▶ Your assignment
Span requested from the data below: the line with "Upgraded Electric Fence" through the line with "Girl Stands In", both included. Give only these lines again, exactly, and leave every picture out.

▶ Excerpted records

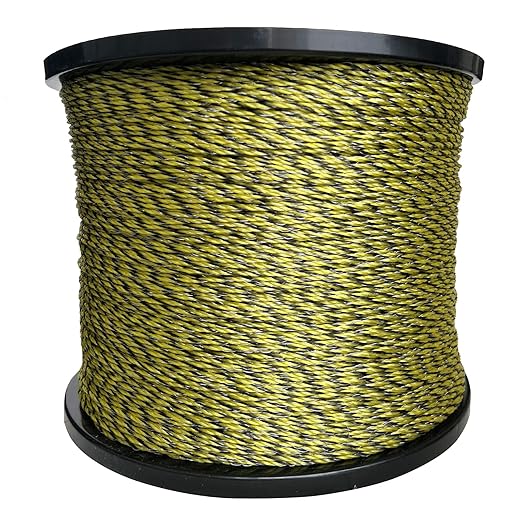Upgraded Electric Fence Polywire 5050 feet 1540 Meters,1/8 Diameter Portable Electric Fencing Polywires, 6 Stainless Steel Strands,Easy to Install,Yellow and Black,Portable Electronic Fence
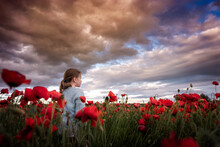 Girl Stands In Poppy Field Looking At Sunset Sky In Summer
...
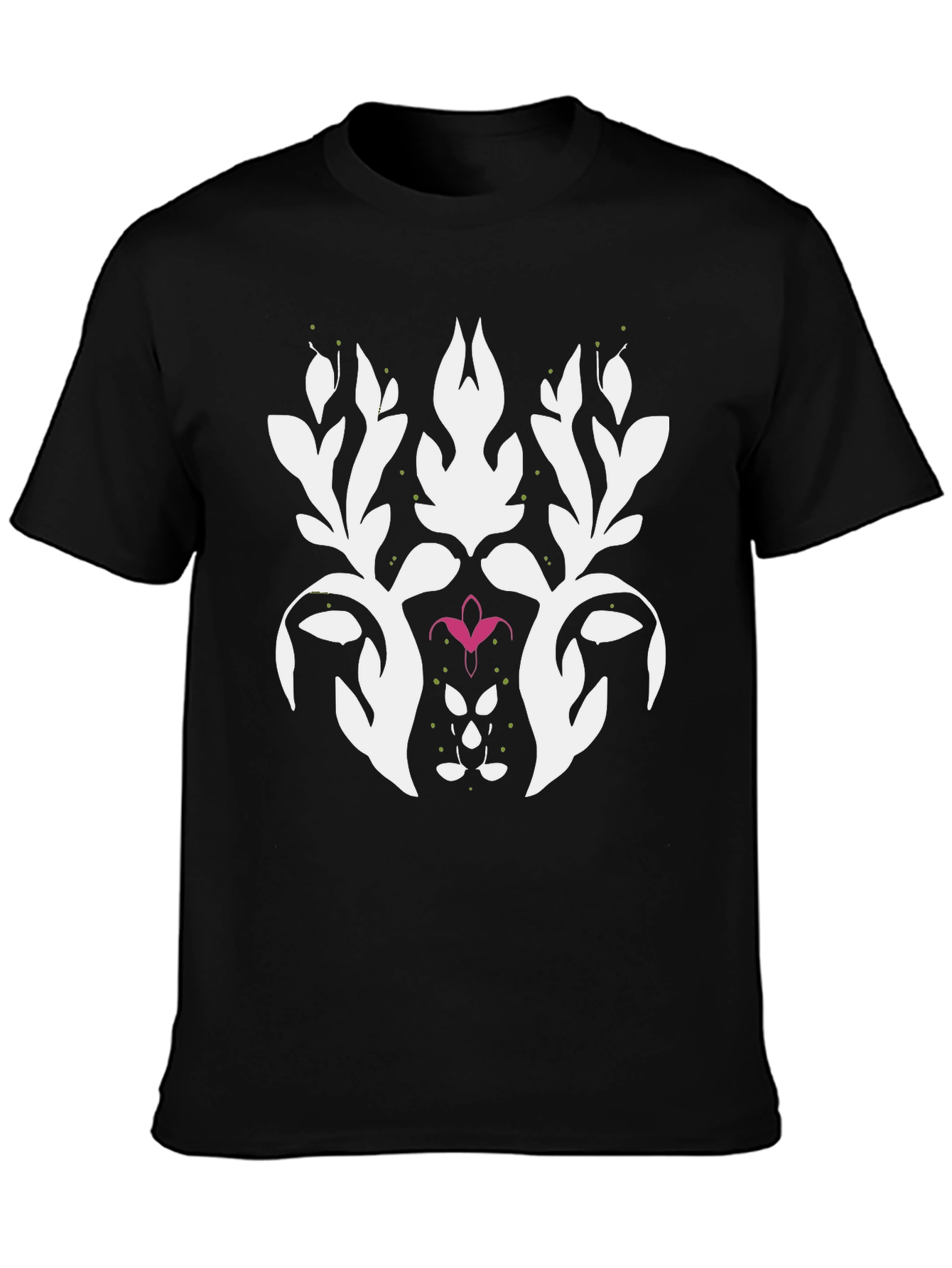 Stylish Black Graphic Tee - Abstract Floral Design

▶ Response
Upgraded Electric Fence Polywire 5050 feet 1540 Meters,1/8 Diameter Portable Electric Fencing Polywires, 6 Stainless Steel Strands,Easy to Install,Yellow and Black,Portable Electronic Fence
 Girl Stands In Poppy Field Looking At Sunset Sky In Summer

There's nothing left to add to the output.